And once again Lago demonstrates his incapability to grasp even the very basic tenets of narrative, apparently totally incapable of understanding the differences between fiction and reality even as the culture he lives in is so well-versed in these differences that Terry Pratchett writes very successful books whose only gag is satirizing them.

As it happens, Lago, the world is packed full of stories where the good guys do not die. Ever. No matter how many clearly lethal situations they find themselves in, they never, ever actually die and in fact are never ever under any real threat of death. And most of those stories are, in fact, in the genre that D&D is in. There are a ton of fantasy stories where people just do not die, ever. The overwhelming majority, in fact. It's kind of a cliche. The kind of meatgrinder that D&D runs, where you can expect a character to bite it once every few adventures, is really weird in the context of the genre. Given the giant mountain of rules people are being asked to learn when they first pick up D&D, it is very common for people to not be paying attention when they first read the death rules, and to not realize that they're horrible until it comes up in play.
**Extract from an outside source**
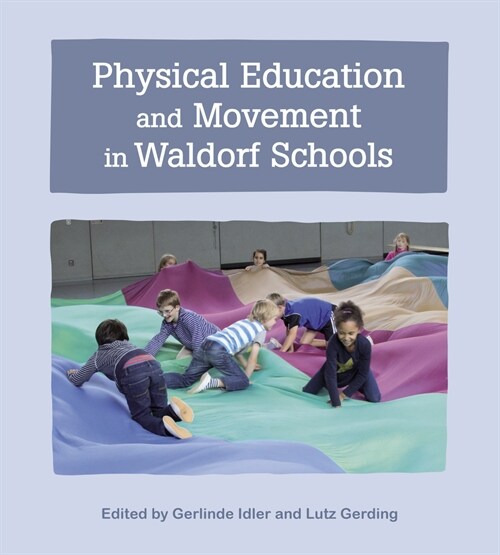 Physical Education and Movement in Waldorf Schools (Paperback)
And the D&D death mechanics are not functional for the genre they were created in, and it is in fact very reasonable for a group which is not math-heavy or which just didn't carefully examine the rules prior to play to play through a game, reach the first untimely death, and realize that it is a terribad idea to die at -10 even when you have ~50 HP and enemy attacks regularly deal damage in the realm of 20 per hit. And then it is totally reasonable to change those rules because they are awful.

Honestly, does anyone here think that the Critical Existence Failure nonsense of 3e is a good idea? Assuming you are not huffing paint and agree that the "dead at -10" thing is a terrible non-scaling non-genre appropriate feature badly in need of being reworked, why on Earth would you flip the table with incoherent rage because someone put off reworking it until it came up in play?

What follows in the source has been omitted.